## ACTIVITY
Write out exactly the lines below starting at the one containing "Nili Lotan - Katie" and ending at the one containing "3-Pack Organic Baby". Omit every picture.

## SUPPLIED RECORDS
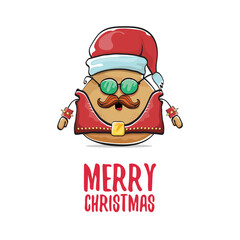 vector rock star santa potato funny cartoon cute character with with red santa hat and calligraphic merry christmas text isolated on white background. rock n roll christmas party poster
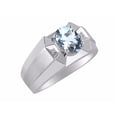 thumbnail image 3 of RYLOS Men's Rings Sterling Silver Rings Classic Designer  9X7MM Oval Gemstone &  Diamond Ring Aquamarine March Birthstone Ring Size 13, 3 of 7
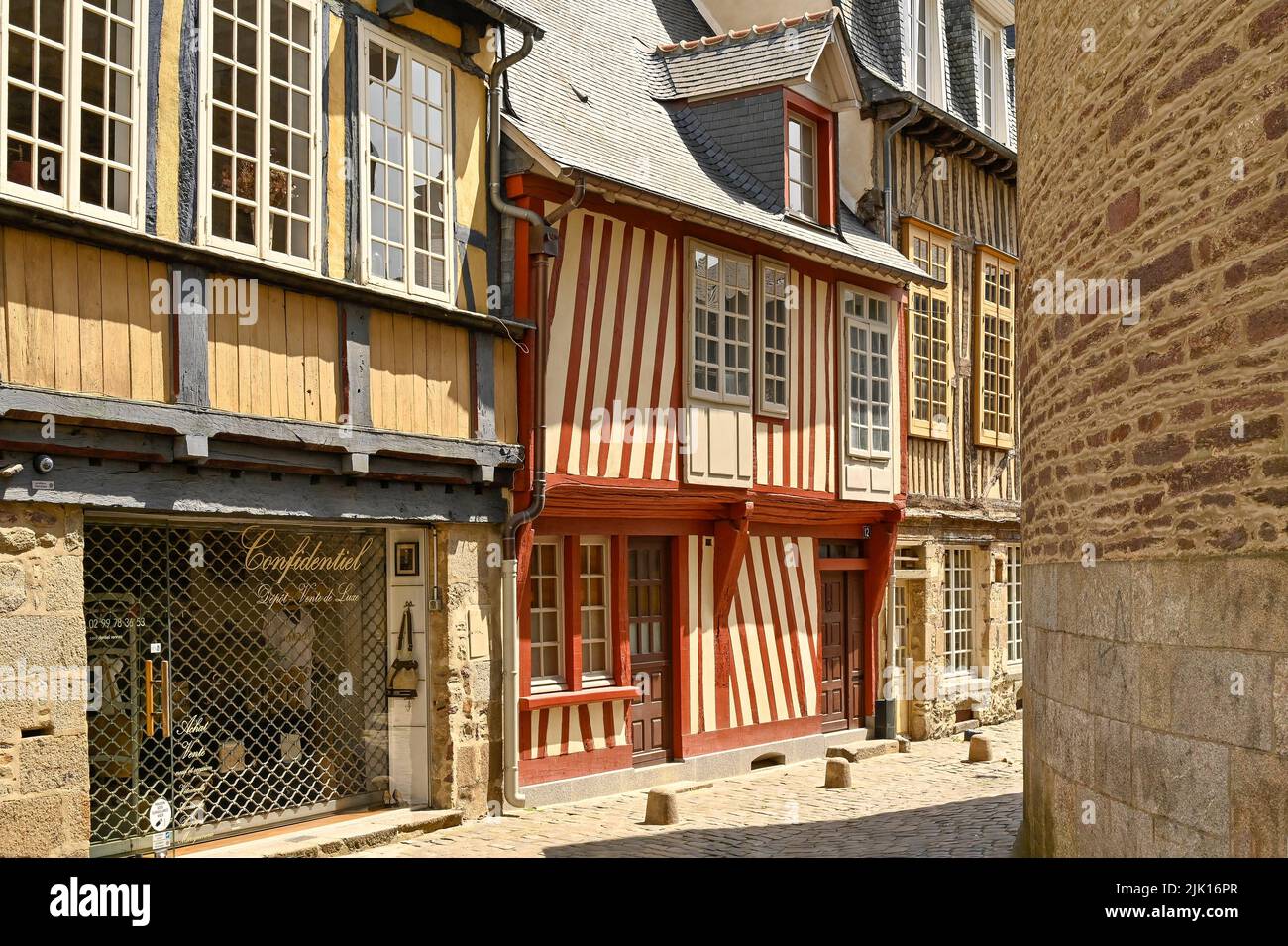Rennes, capitale de la Bretagne, dispose de plus de 370 maisons à colombages datant de l'époque médiévale Banque D'Images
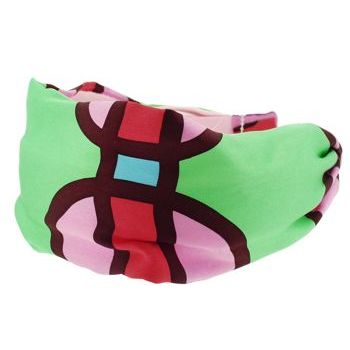 Frank & Kahn - Silk Scarf Headband - Geometric Lime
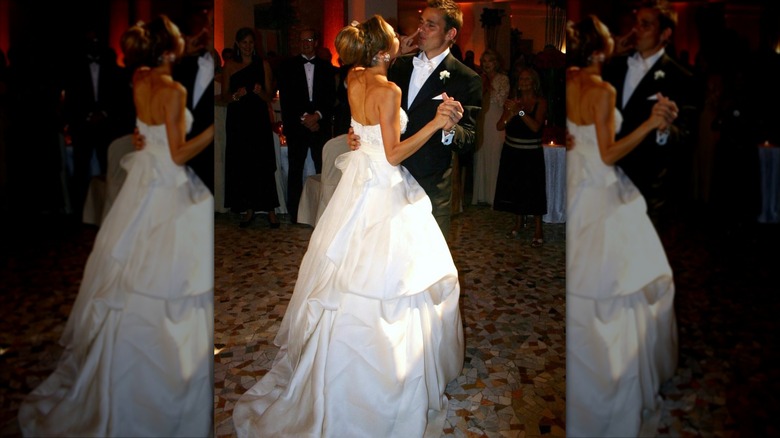 Giuliana Rancic and Bill Rancic dancing together on her wedding day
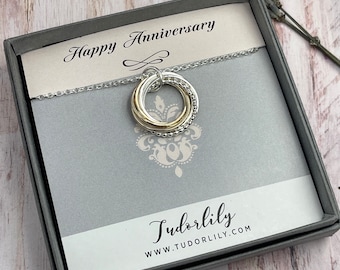 7th Jubiläum Halskette, 7 Ringe Halskette, Silber & Gold Halskette, Jubiläumsgeschenk, Mixed Metals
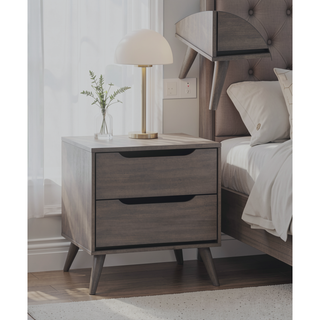 Sunvega Mid-Century Modern Black Solid Wood Nightstand with 2 Drawers and Round Tapered Legs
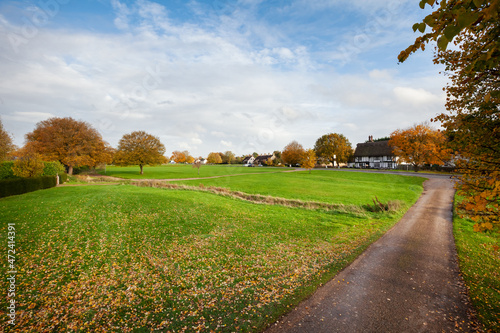 Barrington Green Cambridgeshire on a sunny, autumn, afternoon photo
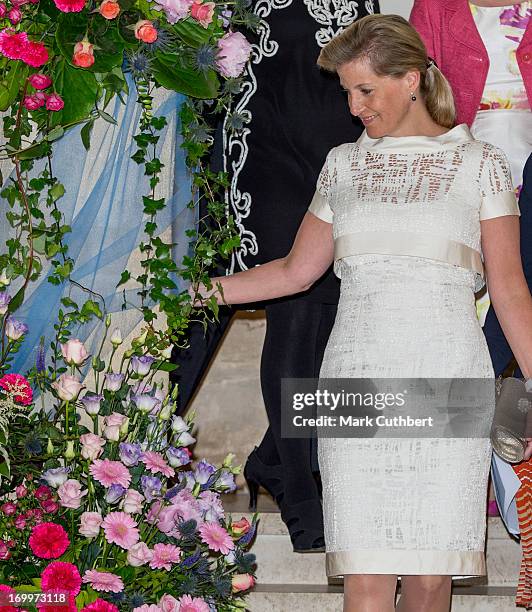 Sophie, Countess of Wessex looks at some of the flowers during a reception for the Guildford Flower Festival on June 5, 2013 in Guildford, England.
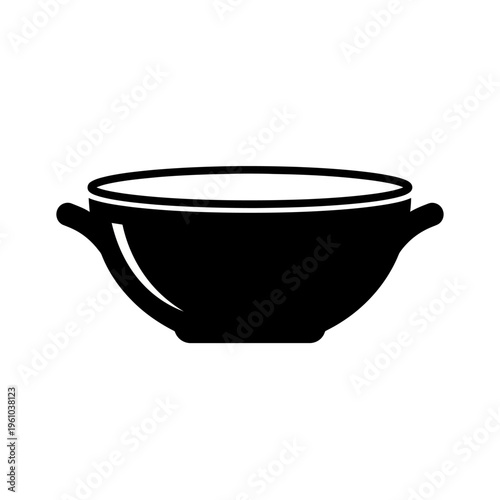 Black Bowl with Two Handles.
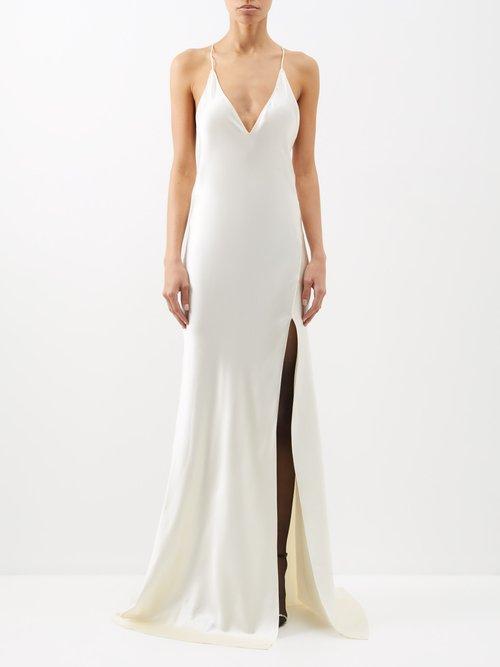 Nili Lotan - Katie Backless Silk-satin Gown - Womens - Ivory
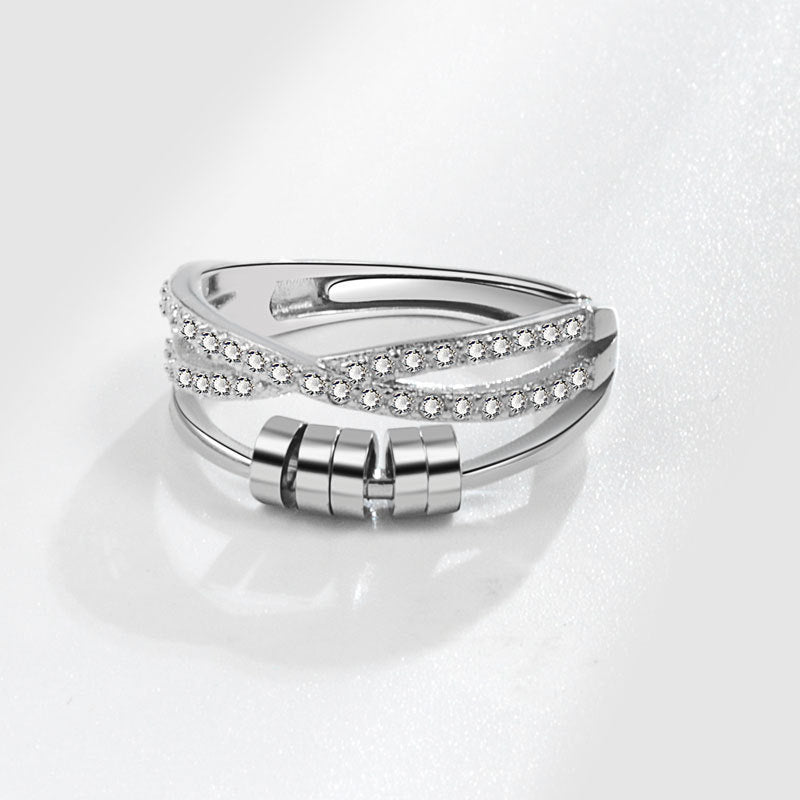 Simple Geometric Diamond S925 Sterling Silver Rotatable Ring Women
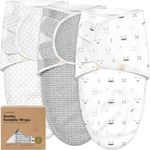 3-Pack Organic Baby Swaddle Sleep Sacks - Newborn Swaddle Sack, Ergonomic Baby Swaddles 0-3 Months, Swaddles for Newborns, Baby Sleep Sack, Baby Swaddle Blanket Wrap, Baby Essentials (Nordic)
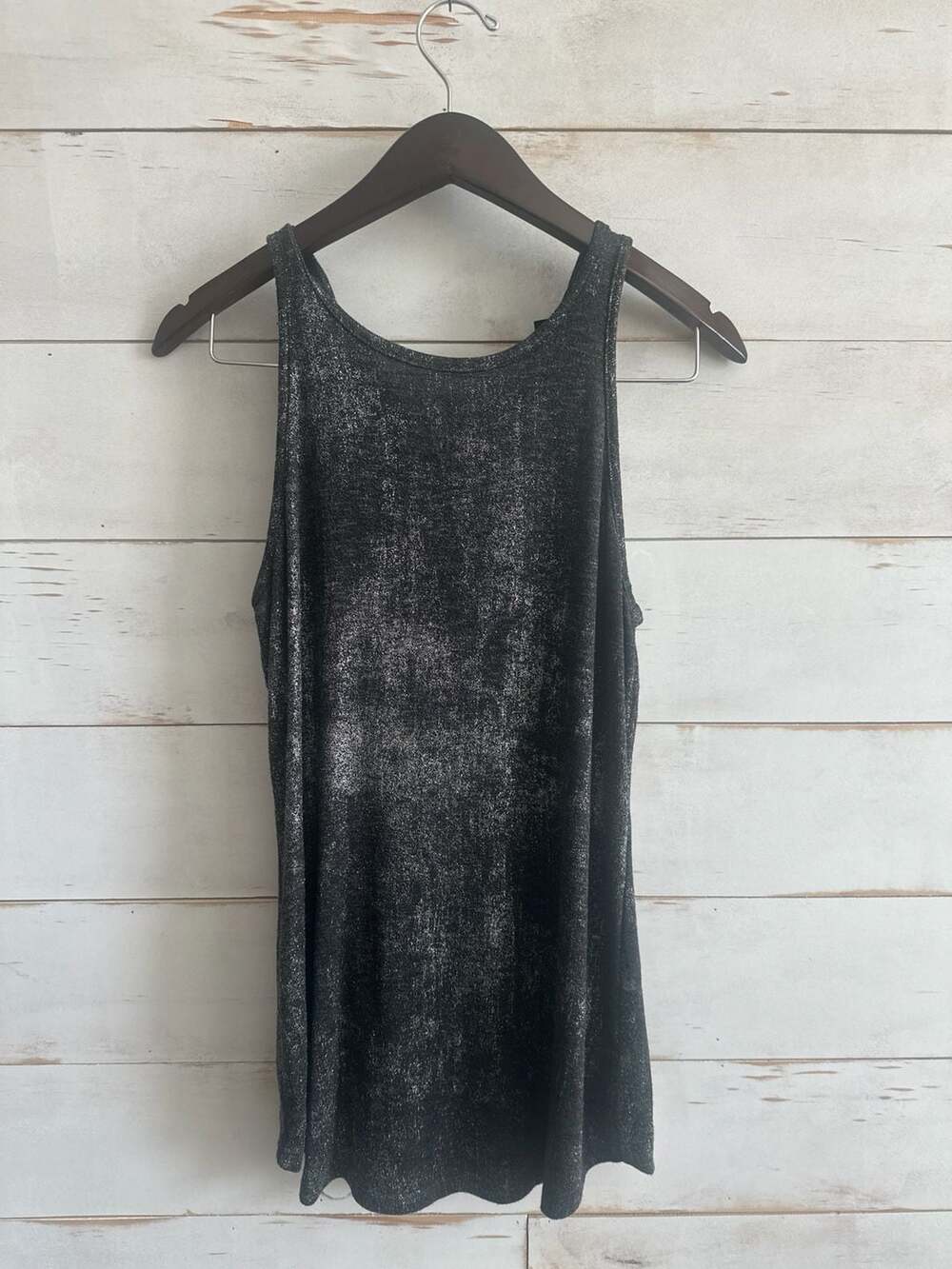 Mossimo Black Metallic Silver Shimmer Sleeveless Tunic Top with Back Zipper Smal
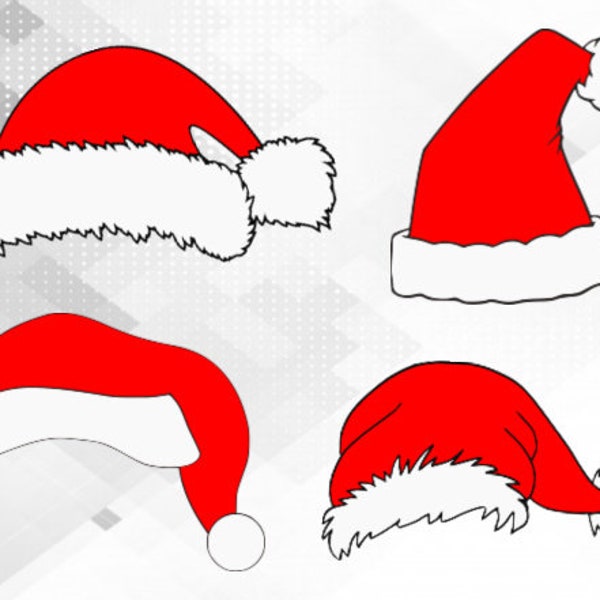 Santa Hat SVG Bundle, Christmas SVG Bundle, Santa svg, eps, png, decal files for cricut, silhouette, cut files for cricut silhouette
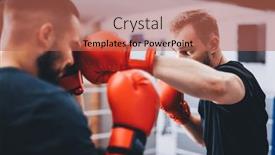  Presentation with boxing - Slides enhanced with boxers-do-boxing-training background and a coral colored foreground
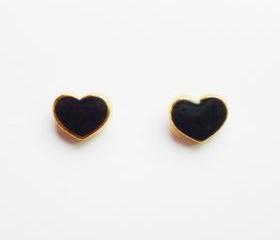On SALE - Black Heart Gold Plated Stud Earrings - Bridesmaid gift - Gift under 10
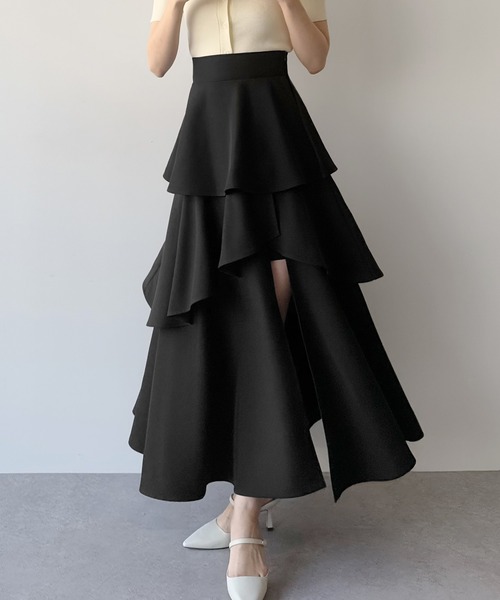 mipiarl(ミピアール)の「ハイウエストスリットティアードパンツスカート(スカート・レディース・ブラック/アイボリー/チャコール/ネイビー/グレイッシュベージュ/ブラウン・SMALL/MEDIUM/LARGE/X-LARGE)」の3枚目の写真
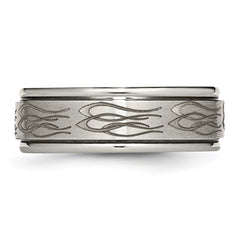Chisel Titanium Brushed and Polished Flame Laser Design 8mm Ridged Edge Band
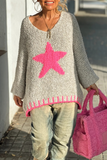 Casual Street The stars Weave Contrast V Neck Sweaters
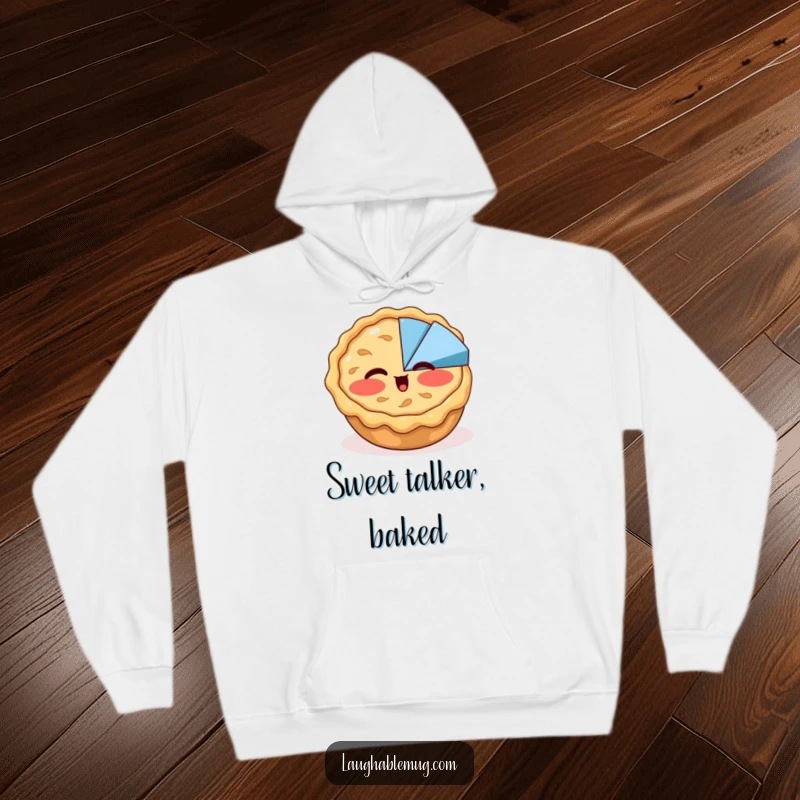 Funny hoodie depicting a blushing apple pie winking at a pie chart, offering warmth and delightful dessert-themed humor.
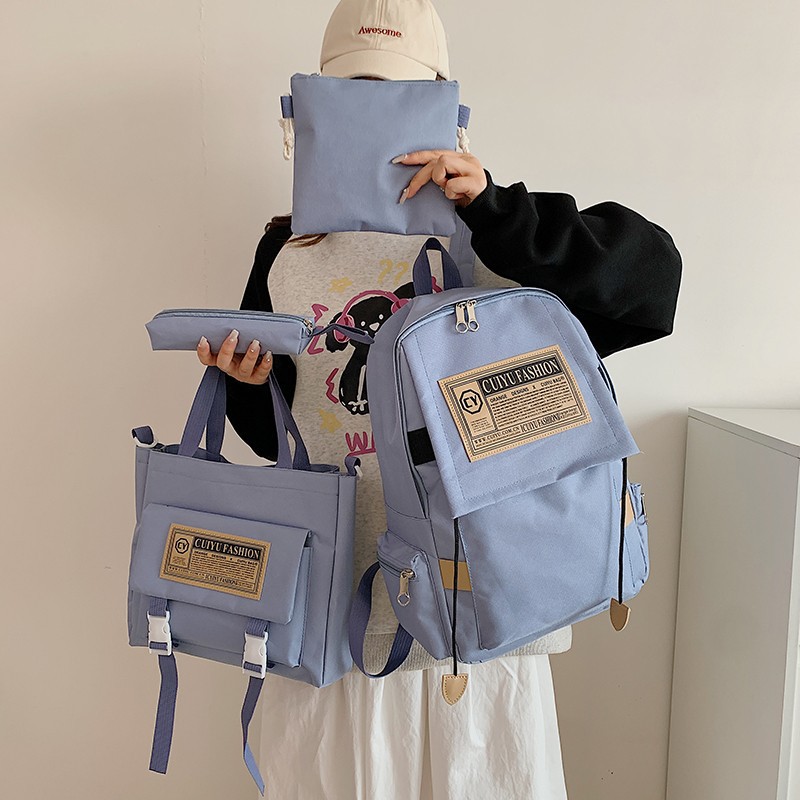 Zaino da donna 2024, zaino da studente in tinta unita di nuova tendenza, zaino portatile alla moda e versatile, di grande capacità_voghion.com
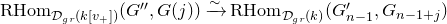 normal upper R normal upper H normal o normal m Subscript script upper D Sub Subscript g r Subscript left parenthesis k left bracket v Sub Subscript plus Subscript right bracket right parenthesis Baseline left parenthesis upper G double prime comma upper G left parenthesis j right parenthesis right parenthesis ModifyingAbove right arrow With tilde normal upper R normal upper H normal o normal m Subscript script upper D Sub Subscript g r Subscript left parenthesis k right parenthesis Baseline left parenthesis upper G prime Subscript n minus 1 Baseline comma upper G Subscript n minus 1 plus j Baseline right parenthesis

## RESPONSE
 Nili Lotan - Katie Backless Silk-satin Gown - Womens - Ivory
 Simple Geometric Diamond S925 Sterling Silver Rotatable Ring Women
 3-Pack Organic Baby Swaddle Sleep Sacks - Newborn Swaddle Sack, Ergonomic Baby Swaddles 0-3 Months, Swaddles for Newborns, Baby Sleep Sack, Baby Swaddle Blanket Wrap, Baby Essentials (Nordic)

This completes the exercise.